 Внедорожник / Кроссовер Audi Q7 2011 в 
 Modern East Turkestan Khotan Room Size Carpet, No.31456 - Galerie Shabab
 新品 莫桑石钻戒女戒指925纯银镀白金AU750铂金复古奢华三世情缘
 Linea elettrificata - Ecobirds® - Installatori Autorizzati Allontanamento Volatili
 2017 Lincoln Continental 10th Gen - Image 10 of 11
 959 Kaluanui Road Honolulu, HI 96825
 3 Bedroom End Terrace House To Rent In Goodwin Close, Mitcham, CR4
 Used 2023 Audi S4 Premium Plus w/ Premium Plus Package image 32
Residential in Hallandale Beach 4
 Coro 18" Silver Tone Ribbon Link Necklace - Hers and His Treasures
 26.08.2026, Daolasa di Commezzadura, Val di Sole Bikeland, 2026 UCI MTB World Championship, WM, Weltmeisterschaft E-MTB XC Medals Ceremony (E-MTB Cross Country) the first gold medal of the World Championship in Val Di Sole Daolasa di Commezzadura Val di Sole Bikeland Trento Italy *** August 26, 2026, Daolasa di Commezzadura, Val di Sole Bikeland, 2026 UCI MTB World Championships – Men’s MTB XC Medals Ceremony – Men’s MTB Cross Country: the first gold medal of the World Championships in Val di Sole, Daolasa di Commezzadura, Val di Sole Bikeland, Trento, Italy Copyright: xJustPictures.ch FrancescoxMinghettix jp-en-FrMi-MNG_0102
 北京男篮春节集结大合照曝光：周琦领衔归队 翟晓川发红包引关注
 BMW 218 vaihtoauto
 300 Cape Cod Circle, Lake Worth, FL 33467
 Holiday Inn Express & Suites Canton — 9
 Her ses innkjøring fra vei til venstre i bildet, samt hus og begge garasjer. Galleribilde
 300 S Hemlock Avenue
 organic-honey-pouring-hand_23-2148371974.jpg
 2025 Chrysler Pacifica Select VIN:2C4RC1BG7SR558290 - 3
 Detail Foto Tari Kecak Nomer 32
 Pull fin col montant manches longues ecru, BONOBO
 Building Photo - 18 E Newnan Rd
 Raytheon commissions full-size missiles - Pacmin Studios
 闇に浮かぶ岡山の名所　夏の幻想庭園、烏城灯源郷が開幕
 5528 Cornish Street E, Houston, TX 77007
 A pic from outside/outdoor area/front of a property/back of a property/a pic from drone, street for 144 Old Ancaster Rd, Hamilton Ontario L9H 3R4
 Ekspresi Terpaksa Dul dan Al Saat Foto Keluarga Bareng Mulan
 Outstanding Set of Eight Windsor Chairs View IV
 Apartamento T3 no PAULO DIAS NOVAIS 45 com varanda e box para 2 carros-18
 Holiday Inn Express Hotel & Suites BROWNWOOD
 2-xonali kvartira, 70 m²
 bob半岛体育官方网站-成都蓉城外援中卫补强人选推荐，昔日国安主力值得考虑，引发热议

----------------------------------------

- _What to do_
Copy each line containing the word "Audi" from the data.

- _Task response_
 Внедорожник / Кроссовер Audi Q7 2011 в 
 Used 2023 Audi S4 Premium Plus w/ Premium Plus Package image 32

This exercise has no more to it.